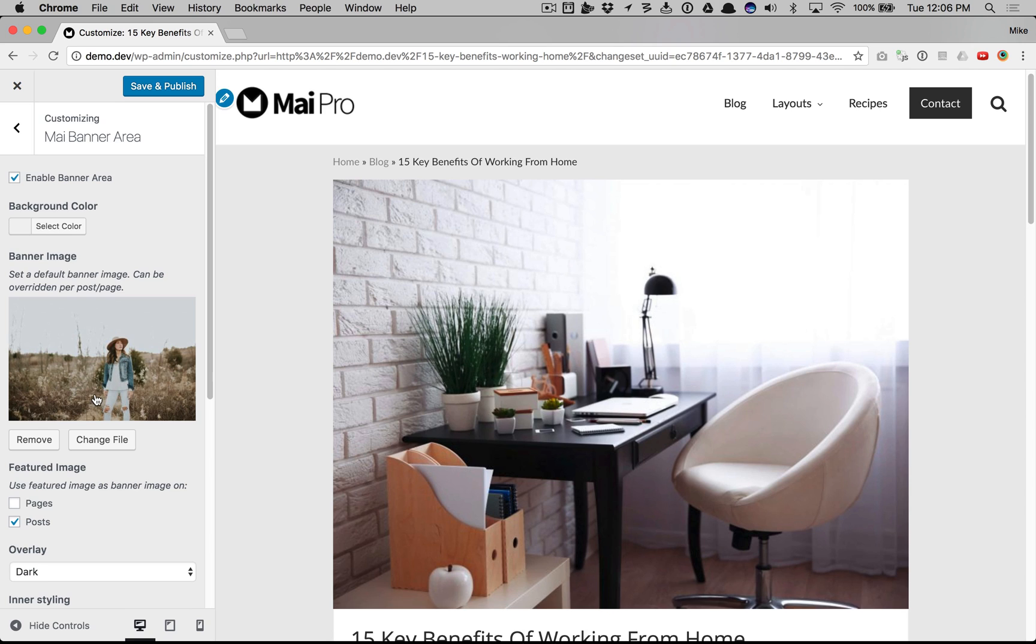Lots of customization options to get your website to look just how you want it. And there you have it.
---
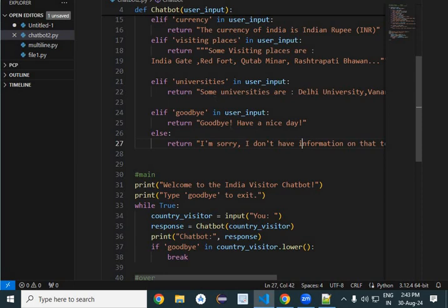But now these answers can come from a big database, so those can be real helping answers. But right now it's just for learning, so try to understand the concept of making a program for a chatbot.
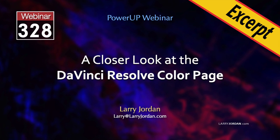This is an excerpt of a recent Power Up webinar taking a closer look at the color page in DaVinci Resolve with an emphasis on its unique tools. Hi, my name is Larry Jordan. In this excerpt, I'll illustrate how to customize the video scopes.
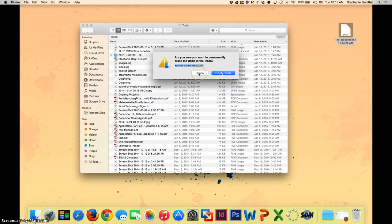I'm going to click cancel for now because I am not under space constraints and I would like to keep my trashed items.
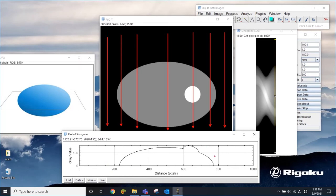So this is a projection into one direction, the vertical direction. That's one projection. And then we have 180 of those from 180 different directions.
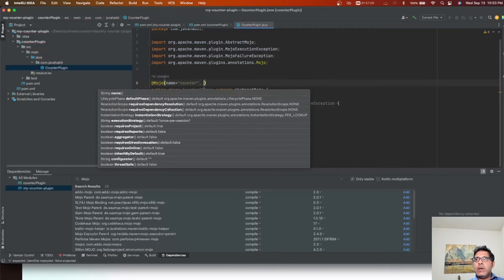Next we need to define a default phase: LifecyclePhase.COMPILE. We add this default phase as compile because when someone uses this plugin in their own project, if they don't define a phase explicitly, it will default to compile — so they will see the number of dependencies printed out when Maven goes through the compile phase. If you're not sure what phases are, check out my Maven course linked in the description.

- TASK GOAL: Starting at the line above with "I'm going to", output every line exactly up to and including the line with "Next we need", but none of the pictures.

- SOLUTION FOR THIS TASK:
I'm going to click cancel for now because I am not under space constraints and I would like to keep my trashed items.
So this is a projection into one direction, the vertical direction. That's one projection. And then we have 180 of those from 180 different directions.
Next we need to define a default phase: LifecyclePhase.COMPILE. We add this default phase as compile because when someone uses this plugin in their own project, if they don't define a phase explicitly, it will default to compile — so they will see the number of dependencies printed out when Maven goes through the compile phase. If you're not sure what phases are, check out my Maven course linked in the description.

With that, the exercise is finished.